A single 100-mg dose of desvenlafaxine was well tolerated in healthy subjects and hepatically impaired patients. A mild increase in exposure was observed for moderate and severe hepatically impaired subjects (Child-Pugh class B and C).
许多抗抑郁药在肝脏中广泛代谢,因此肝功能受损的患者需要调整剂量。临床研究表明,5-羟色胺-去甲肾上腺素再摄取抑制剂去甲文拉法辛主要通过葡萄糖醛酸化代谢,约 45%以原形经尿液排泄。
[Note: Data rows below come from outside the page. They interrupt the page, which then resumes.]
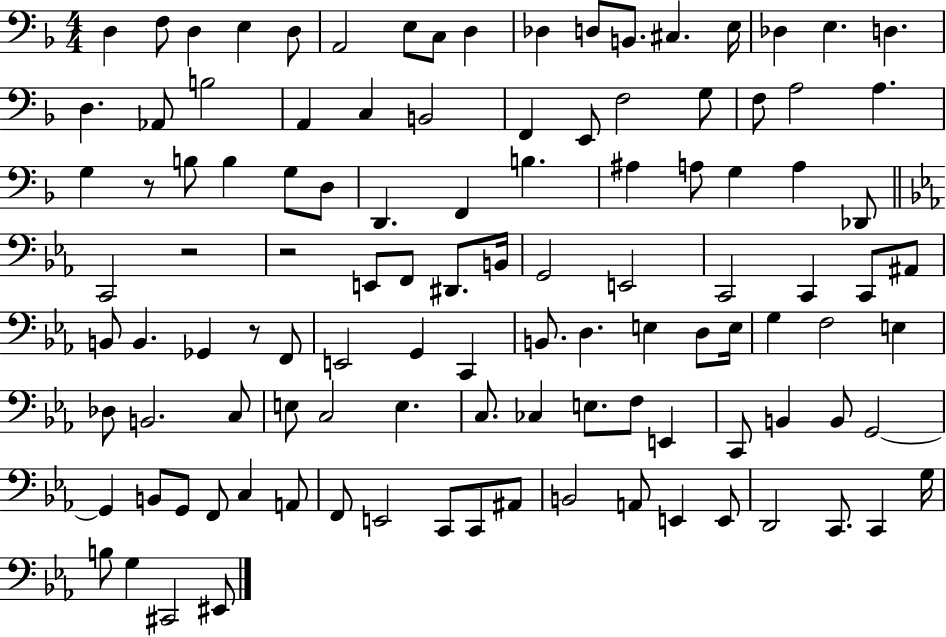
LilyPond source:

{
  \clef bass
  \numericTimeSignature
  \time 4/4
  \key f \major
  d4 f8 d4 e4 d8 | a,2 e8 c8 d4 | des4 d8 b,8. cis4. e16 | des4 e4. d4. | \break d4. aes,8 b2 | a,4 c4 b,2 | f,4 e,8 f2 g8 | f8 a2 a4. | \break g4 r8 b8 b4 g8 d8 | d,4. f,4 b4. | ais4 a8 g4 a4 des,8 | \bar "||" \break \key ees \major c,2 r2 | r2 e,8 f,8 dis,8. b,16 | g,2 e,2 | c,2 c,4 c,8 ais,8 | \break b,8 b,4. ges,4 r8 f,8 | e,2 g,4 c,4 | b,8. d4. e4 d8 e16 | g4 f2 e4 | \break des8 b,2. c8 | e8 c2 e4. | c8. ces4 e8. f8 e,4 | c,8 b,4 b,8 g,2~~ | \break g,4 b,8 g,8 f,8 c4 a,8 | f,8 e,2 c,8 c,8 ais,8 | b,2 a,8 e,4 e,8 | d,2 c,8. c,4 g16 | \break b8 g4 cis,2 eis,8 | \bar "|."
}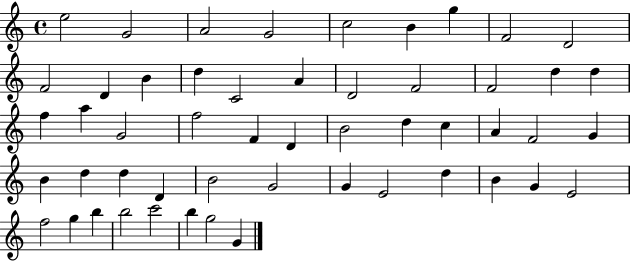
E5/h G4/h A4/h G4/h C5/h B4/q G5/q F4/h D4/h F4/h D4/q B4/q D5/q C4/h A4/q D4/h F4/h F4/h D5/q D5/q F5/q A5/q G4/h F5/h F4/q D4/q B4/h D5/q C5/q A4/q F4/h G4/q B4/q D5/q D5/q D4/q B4/h G4/h G4/q E4/h D5/q B4/q G4/q E4/h F5/h G5/q B5/q B5/h C6/h B5/q G5/h G4/q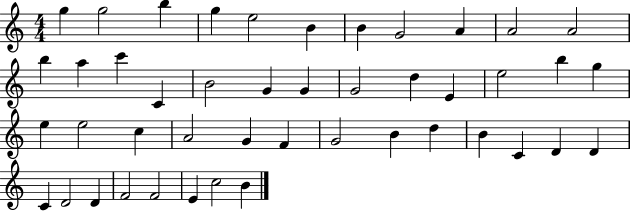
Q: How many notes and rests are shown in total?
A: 45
本研究旨在评估去甲文拉法辛在慢性肝功能 Child-Pugh 分级 A、B 和 C 级的成年人中的药代动力学特征、安全性和耐受性。
年龄在 18-65 岁之间的轻度(Child-Pugh 分级 A,n=8)、中度(Child-Pugh 分级 B,n=8)和重度(Child-Pugh 分级 C,n=8)肝功能受损患者和 12 名健康匹配的受试者单次口服 100mg 去甲文拉法辛。在血浆和尿液中检测去甲文拉法辛的(R)-、(S)-和(R+S)-对映体的处置。使用单因素方差分析(ANOVA)计算 AUC、AUC0-τ、Cmax 和 Cl/F 的几何均数(GLS)比值和 90%置信区间(CI);比较采用单因素方差分析。根据不良事件、体格检查、生命体征和实验室评估来评估安全性。
健康参与者的平均年龄为 51 岁(范围 36-62 岁),体重为 79.1kg(范围 52.5-105.0kg);肝功能受损的参与者平均年龄为 52 岁(范围 31-65 岁),体重为 80.9kg(范围 50.2-119.5kg)。两组中,67%的参与者为男性。根据 Cmax、AUC0-τ、AUC 或 Cl/F 的 GLS 比值(每种比较的 P>0.05),未发现肝功能受损患者与健康受试者之间去甲文拉法辛处置有统计学意义的差异(≥50%)。所有组的中位 Tmax 相似(范围 6-9 小时)。在中度或重度肝功能受损患者中观察到去甲文拉法辛暴露的非显著增加(AUC 的 GLS 比值[90%CI]分别为 31%[93.2-184]和 35%[96.5-190])。最常见的不良事件为恶心(健康受试者 2 例,肝功能受损受试者 3 例)和呕吐(健康受试者 1 例,肝功能受损受试者 2 例)。
在健康受试者和肝功能受损患者中,单次 100mg 剂量的去甲文拉法辛耐受性良好。在中度和重度肝功能受损患者(Child-Pugh 分级 B 和 C)中观察到暴露轻度增加。